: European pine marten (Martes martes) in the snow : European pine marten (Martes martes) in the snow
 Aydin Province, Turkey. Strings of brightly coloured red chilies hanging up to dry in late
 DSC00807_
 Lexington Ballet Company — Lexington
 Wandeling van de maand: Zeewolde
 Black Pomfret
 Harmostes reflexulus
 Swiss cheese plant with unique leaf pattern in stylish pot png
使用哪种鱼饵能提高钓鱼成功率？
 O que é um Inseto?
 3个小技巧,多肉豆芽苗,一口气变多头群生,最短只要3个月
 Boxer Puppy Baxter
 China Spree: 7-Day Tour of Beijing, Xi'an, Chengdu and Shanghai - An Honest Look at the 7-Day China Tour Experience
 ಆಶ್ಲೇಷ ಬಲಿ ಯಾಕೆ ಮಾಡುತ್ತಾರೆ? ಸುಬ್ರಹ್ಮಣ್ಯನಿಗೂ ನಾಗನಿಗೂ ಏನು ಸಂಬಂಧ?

• [Instructions to follow]: Print every record above once more, exactly as written.

• [Response]:
: European pine marten (Martes martes) in the snow : European pine marten (Martes martes) in the snow
 Aydin Province, Turkey. Strings of brightly coloured red chilies hanging up to dry in late
 DSC00807_
 Lexington Ballet Company — Lexington
 Wandeling van de maand: Zeewolde
 Black Pomfret
 Harmostes reflexulus
 Swiss cheese plant with unique leaf pattern in stylish pot png
使用哪种鱼饵能提高钓鱼成功率？
 O que é um Inseto?
 3个小技巧,多肉豆芽苗,一口气变多头群生,最短只要3个月
 Boxer Puppy Baxter
 China Spree: 7-Day Tour of Beijing, Xi'an, Chengdu and Shanghai - An Honest Look at the 7-Day China Tour Experience
 ಆಶ್ಲೇಷ ಬಲಿ ಯಾಕೆ ಮಾಡುತ್ತಾರೆ? ಸುಬ್ರಹ್ಮಣ್ಯನಿಗೂ ನಾಗನಿಗೂ ಏನು ಸಂಬಂಧ?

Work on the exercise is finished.